To create meaningful and lasting global change, our leaders must embrace a higher level of cognition: one which allows them to perceive the world as it truly is, appreciating its intertwined intricacies in all their detail.
When we look at the world, we find ourselves in a period of unprecedented complexity. The world is changing at an astonishing rate: the entire planet is interconnected in ways that it has never been before. It is hard for us to make sense of our world in a single day, let alone what it means for tomorrow. Individually and collectively, our uncertainty about the future — indeed even the present — is mounting. History is truly in motion, unfolding before us at a pace we can barely keep up with, leaving us to wonder about what will come next.
We are at a genuine crossroads: what was once familiar is becoming increasingly foreign and unpredictable. There is a pressing need to move at right angles to all that has defined our worldview up to now. There is a real challenge to build resilience and adapt; the price for trial and error is now too high.
In less than twenty years, the rules of the game have radically changed, threatening many long-held assumptions regarding how the world works. There is no clear road map or instruction book that easily reduces the complex variables and major decisions that leaders increasingly face. Partial and piecemeal approaches to tough problems adopted by current leadership structures are proving ineffective. Leaders themselves acknowledge the severity of the challenges they encounter in managing issues of paradox, complexity, uncertainty and ambiguity on the global agenda. New leadership solutions are required now more than ever.

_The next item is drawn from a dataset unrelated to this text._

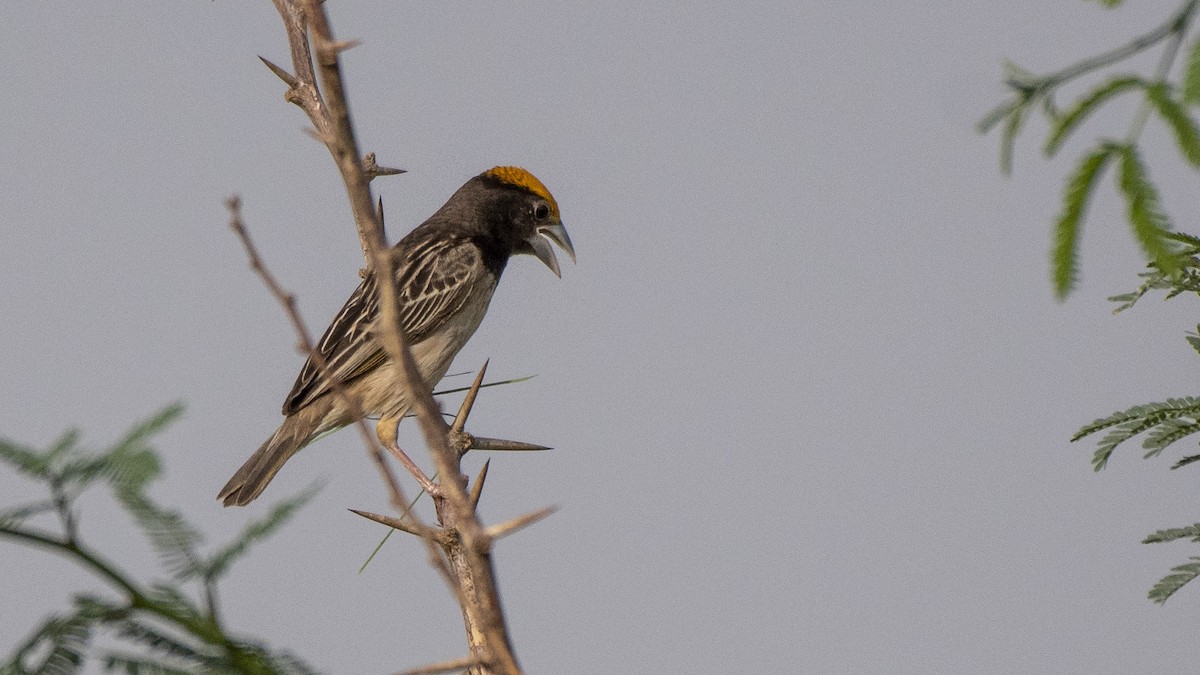 Black-breasted Weaver - ML105081811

The leadership crisis isn’t merely a matter of inadequate training in the realities of global change. It also concerns the fundamental capacities, which leaders bring to their challenges. How clearly, and with how much wisdom, do they see the world around them? How well can they marshal the necessary capacities in themselves to implement effective solutions?

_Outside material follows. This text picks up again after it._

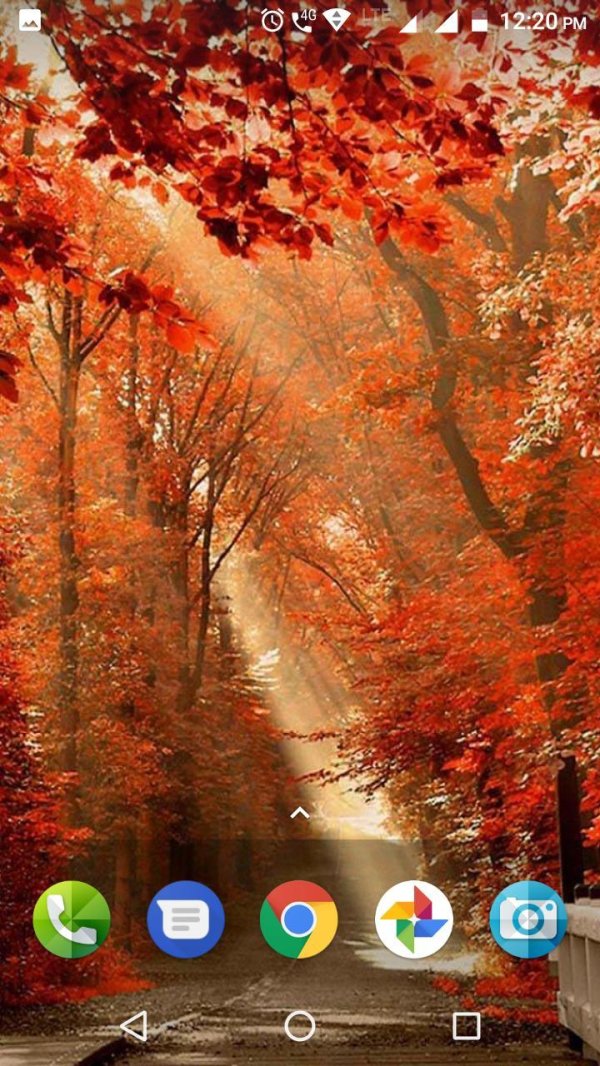 осенние пейзажи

Whether personal or planetary, the need is to be more resourceful in the face of uncertainty — all stemming from mounting complexity. Whether you lead a nation, a business, a community or a family, you are under increasing pressure to apply new capacities to the way you take action in the world.
What I perceive so clearly is that the systems we human beings have built — our governments, our businesses, our ways of sustaining our lives — are not sustainable and, in fact, are headed for collapse. I hasten to add I am not speaking apocalyptically, but extrapolating from current trends. One simple example is to consider our reliance on petrochemical fuel: this is a finite resource which will run out relatively soon. Yet there are no major initiatives to overhaul our transport infrastructure, particularly in the field of air travel, to arrange a functional alternative by the time we will need one.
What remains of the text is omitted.